## WHAT YOU HAVE TO DO
For the listing that follows, give again exactly the lines from the one with "Hang Mua Happiness Homestay" to the one with "A cobblestone pathway", including both.

------ SOURCE DATA ------

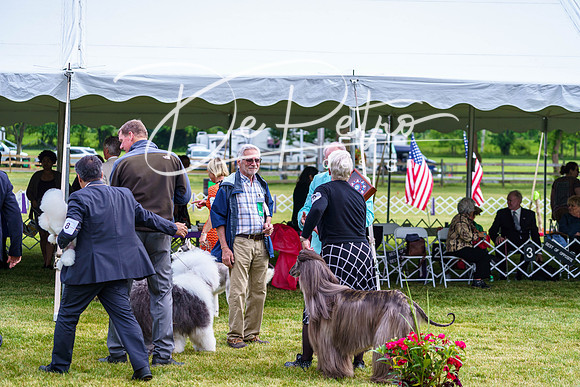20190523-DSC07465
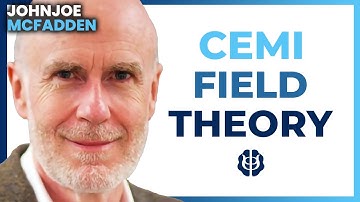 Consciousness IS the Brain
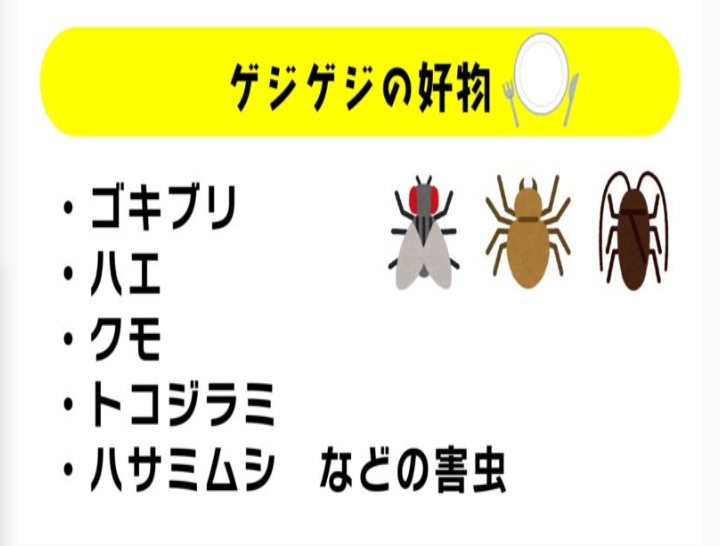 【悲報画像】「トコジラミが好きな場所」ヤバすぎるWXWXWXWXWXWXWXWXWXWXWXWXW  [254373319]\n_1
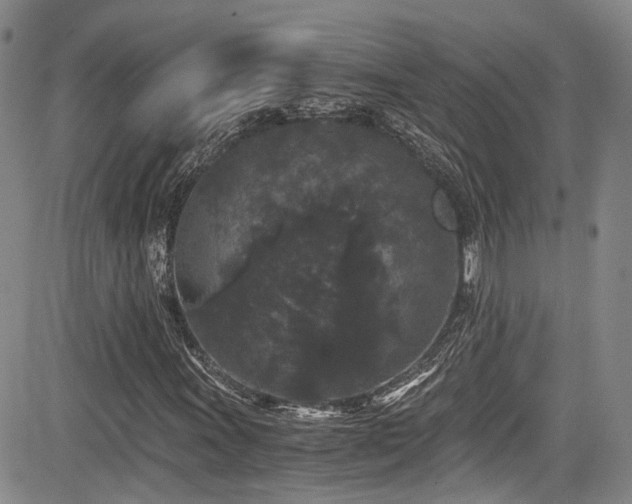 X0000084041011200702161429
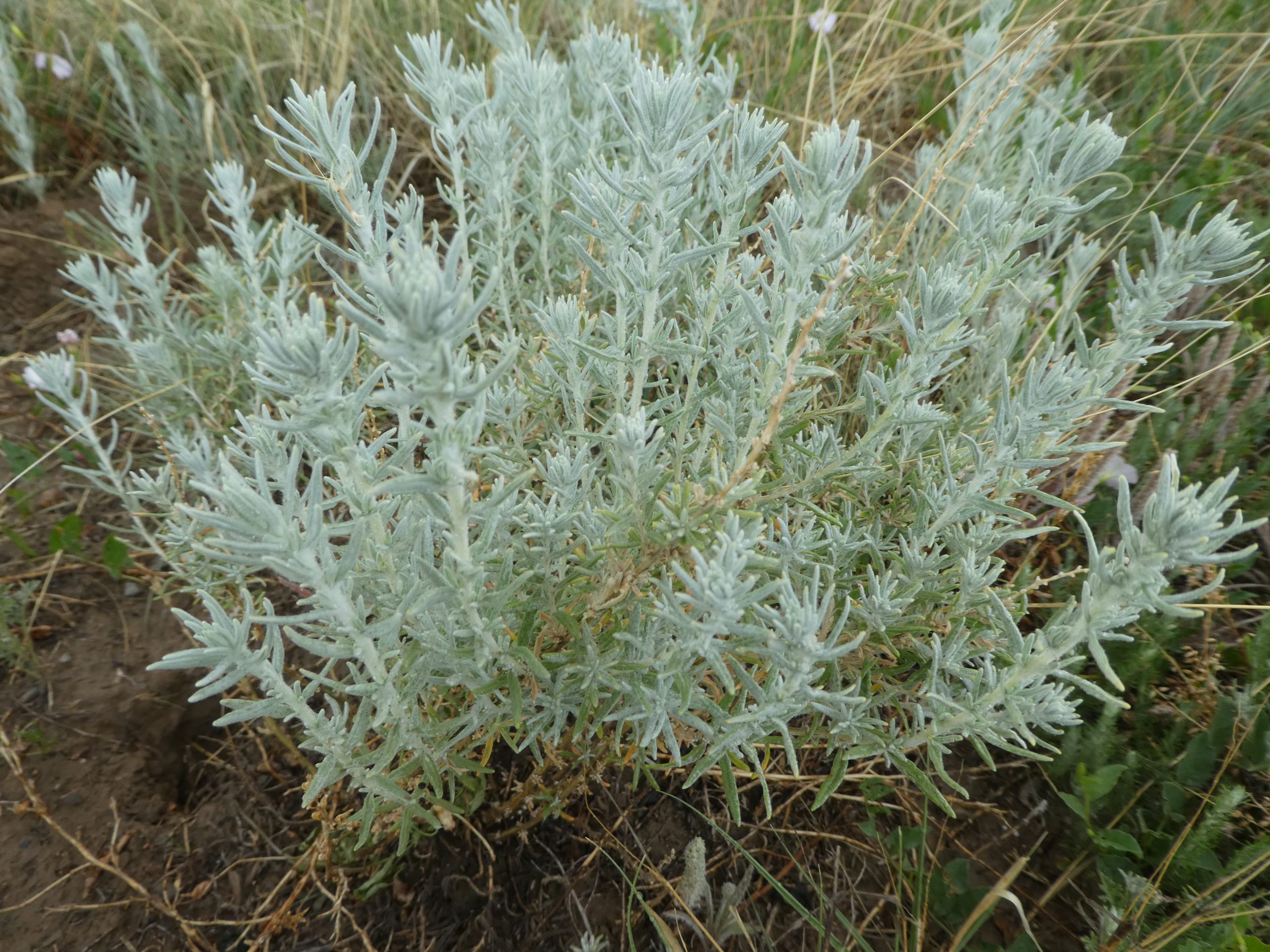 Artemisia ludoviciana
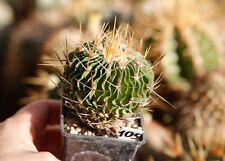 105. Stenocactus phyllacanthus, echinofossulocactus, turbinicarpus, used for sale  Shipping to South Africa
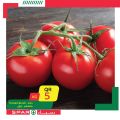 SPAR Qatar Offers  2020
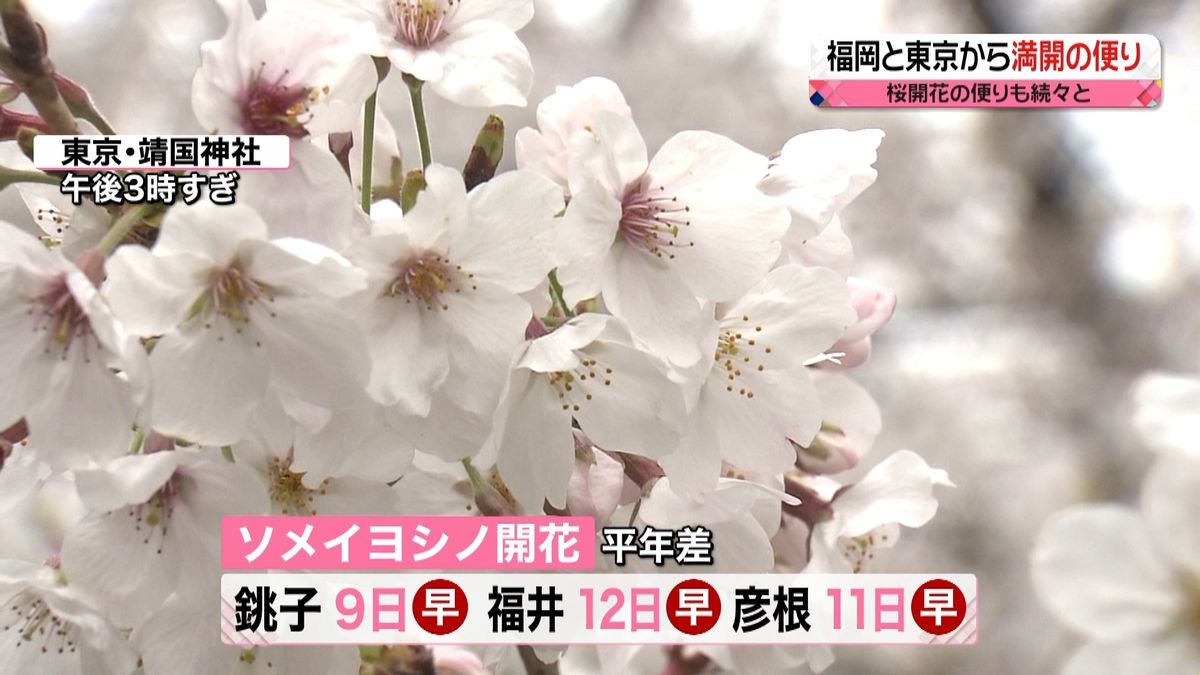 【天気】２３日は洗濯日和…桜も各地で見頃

------
------ SOURCE DATA ------

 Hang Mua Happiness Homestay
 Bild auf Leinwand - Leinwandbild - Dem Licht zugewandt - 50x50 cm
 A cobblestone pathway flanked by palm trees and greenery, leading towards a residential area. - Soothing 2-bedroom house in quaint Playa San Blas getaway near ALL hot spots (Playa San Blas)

------
------ SOURCE DATA ------

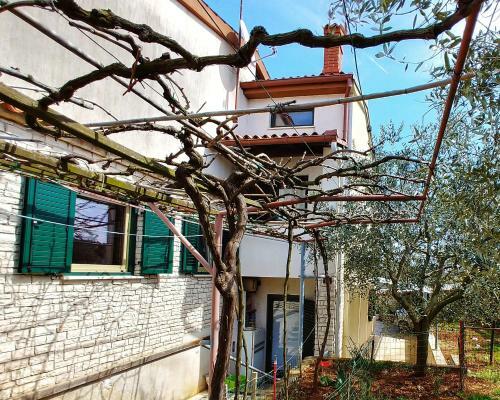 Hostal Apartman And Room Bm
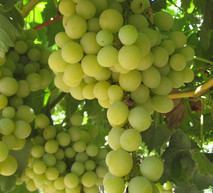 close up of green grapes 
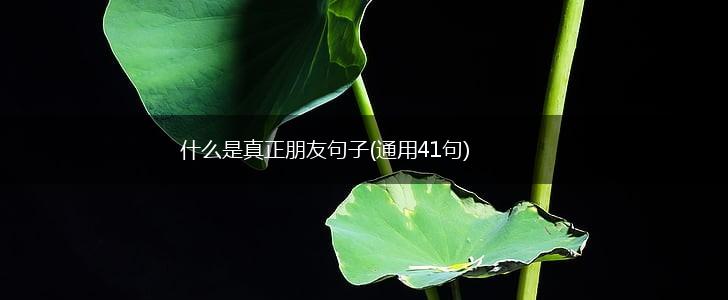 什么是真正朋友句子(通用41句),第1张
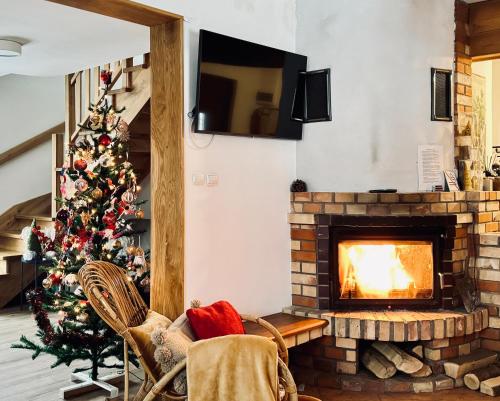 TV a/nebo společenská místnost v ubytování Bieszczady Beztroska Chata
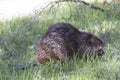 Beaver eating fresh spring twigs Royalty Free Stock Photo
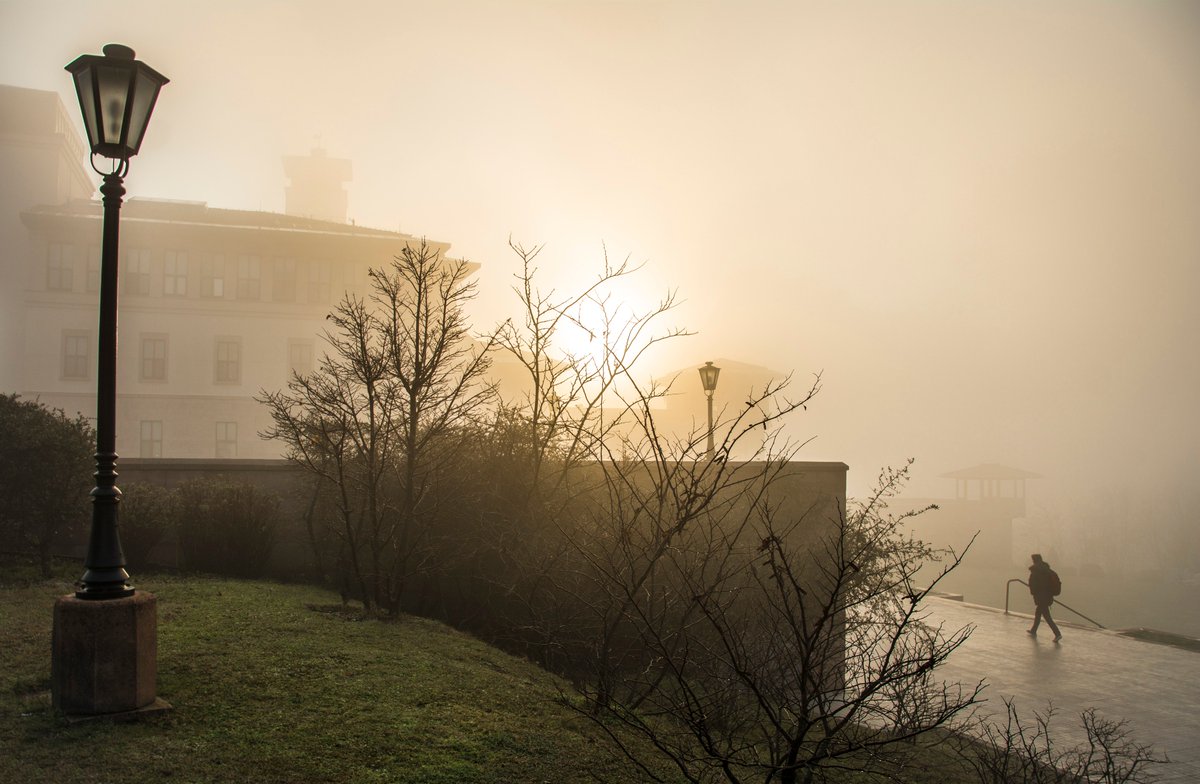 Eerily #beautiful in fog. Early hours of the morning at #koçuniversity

------

## PROBLEM SOLUTION
 Hang Mua Happiness Homestay
 Bild auf Leinwand - Leinwandbild - Dem Licht zugewandt - 50x50 cm
 A cobblestone pathway flanked by palm trees and greenery, leading towards a residential area. - Soothing 2-bedroom house in quaint Playa San Blas getaway near ALL hot spots (Playa San Blas)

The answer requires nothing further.